Marsaleks neue Freundin: Spionin im Auftrag des FSB

Privat ist Marsalek mit der 41-jährigen Übersetzerin Tatiana Spiridonova liiert. Sie soll über beste Geheimdienstkontakte verfügen und selbst für den FSB arbeiten. Spiridonova hat nachweislich sensible Geräte nach Russland gebracht. 2022 übernahm sie in Istanbul mehrere Smartphones österreichischer Spitzenbeamter und transportierte diese nach Moskau. Chats belegen, dass Marsalek den Transport koordinierte. Ihre Kontakte reichen zu GRU-Offizier Stanislaw Petlinski, der Marsalek bereits in seiner Wirecard-Zeit in Geheimdienstkreise einführte.

Österreich im Netz der Agenten

Marsaleks Umfeld in Österreich wird von Ermittlern seit Jahren geprüft. Gegen Egisto Ott läuft in Wien ein Verfahren wegen des Verdachts des geheimen Nachrichtendienstes zum Nachteil der Republik. Es gilt die Unschuldsvermutung. Martin Weiss, früher Abteilungsleiter im BVT, lebt laut Medienberichten in Dubai. Recherchen von Spiegel, Standard, ZDF, The Insider und PBS dokumentieren Kontakte beider zu Marsalek in dessen Wirecard-Zeit und danach. Politische Bezüge sind berichtlich belegt. So soll Marsalek in Moskau mit Wolfgang Sobotka zu Abend gegessen haben und beim Büroleiter von Herbert Kickl vorgesprochen haben. Diese Darstellungen beruhen auf den genannten Recherchen und Unterlagen.

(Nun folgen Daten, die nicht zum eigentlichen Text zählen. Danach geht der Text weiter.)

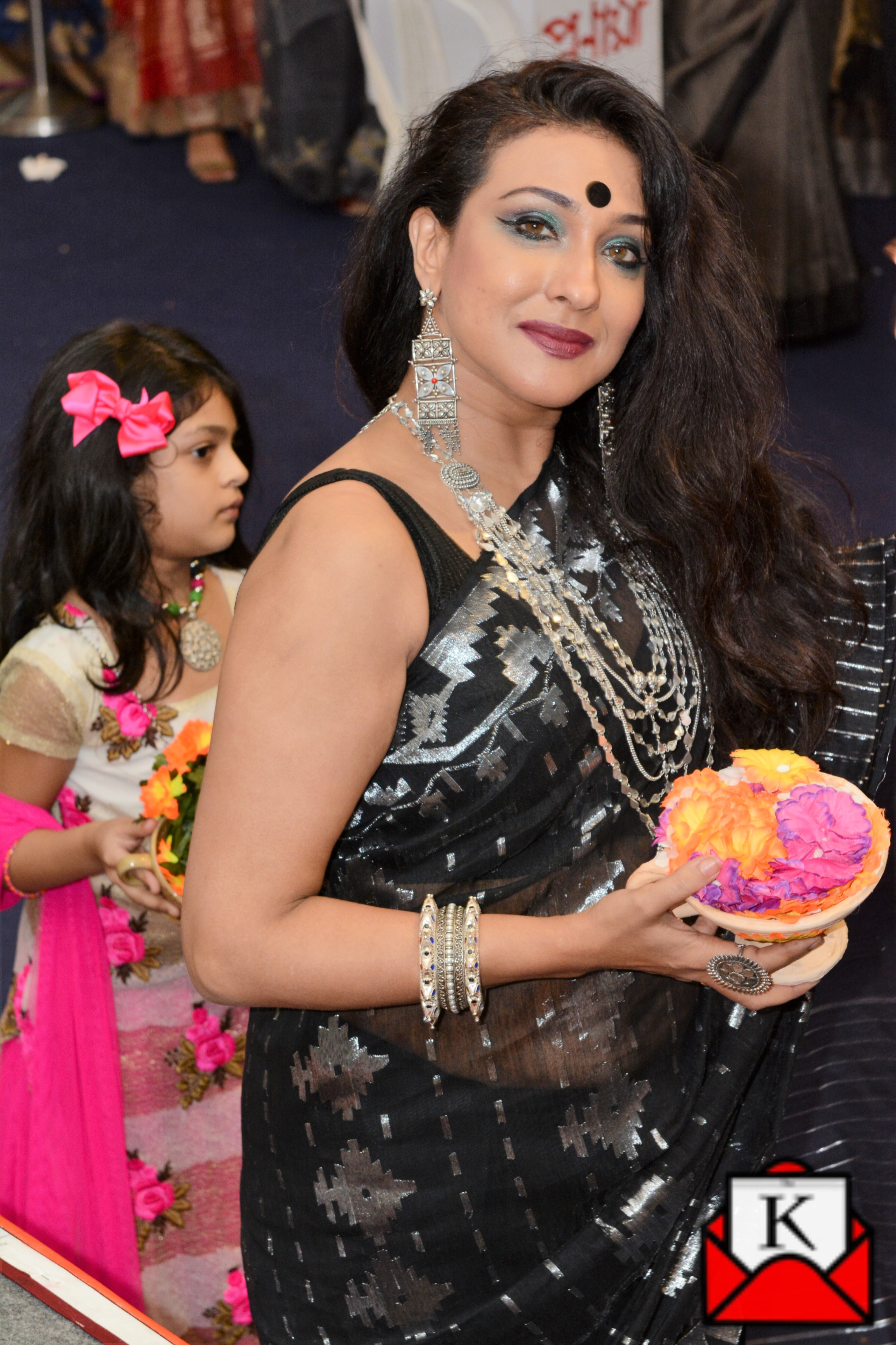 Rituparna Sengupta Make Heads Turn on Navami at Durga Puja of Singapore Bengali Association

Spionagering in London enttarnt

Britische Ermittler ordnen Marsalek einem bulgarischen Agentenring zu, der in London tätig war. Orlin Roussev, ein alter Geschäftskontakt, koordinierte mit Marsalek über 100.000 Chatnachrichten. Geplant waren Entführungen von Dissidenten und Journalisten, darunter Christo Grozev und Roman Dobrokhotov. „Wir haben jemanden zu entführen und nach Russland zu bringen. Es ist egal, wenn er stirbt, aber besser wäre, er käme lebend nach Moskau“, schrieb Marsalek 2021.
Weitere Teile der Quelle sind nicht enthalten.